SOURCE DATA below:

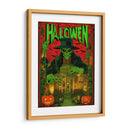 Halloween 011 - DEA Digital Esoteric Art | Cuadro decorativo de Canvas Lab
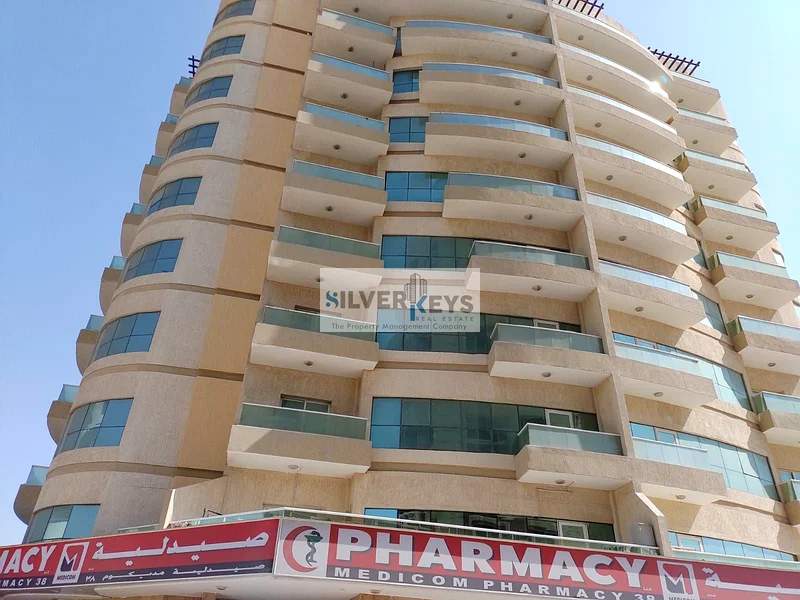 شقة عائلية من غرفتي نوم + شقة واسعة + مطبخ مغلق + تراس كبير واحد63728450664961110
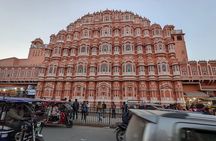 Jaipur Sightseeing Tour with Private Car and Driver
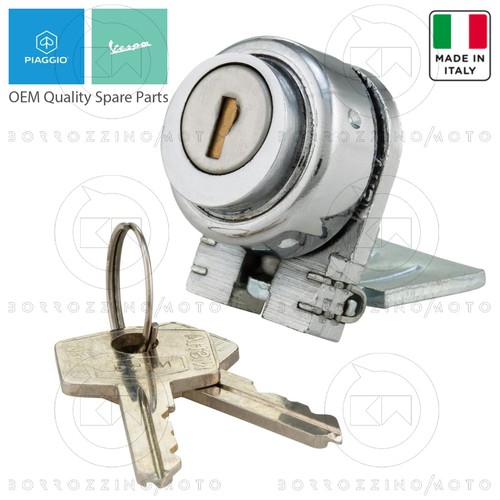 Serratura bloccasterzo vespa - serratura,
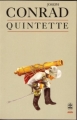 Couverture Quintette Editions Le Livre de Poche 1989
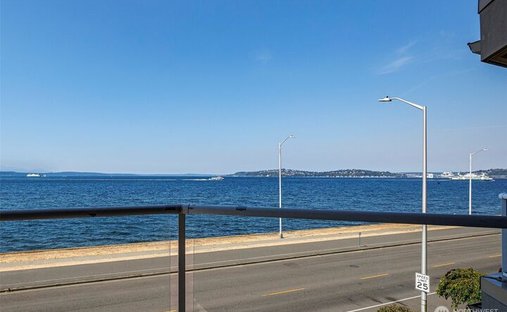 Eigentumswohnung in Seattle, Washington, Vereinigte Staaten 1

End of SOURCE DATA.

The data above should be repeated exactly, minus any pictures.

 Halloween 011 - DEA Digital Esoteric Art | Cuadro decorativo de Canvas Lab
 شقة عائلية من غرفتي نوم + شقة واسعة + مطبخ مغلق + تراس كبير واحد63728450664961110
 Jaipur Sightseeing Tour with Private Car and Driver
 Serratura bloccasterzo vespa - serratura,
 Couverture Quintette Editions Le Livre de Poche 1989
 Eigentumswohnung in Seattle, Washington, Vereinigte Staaten 1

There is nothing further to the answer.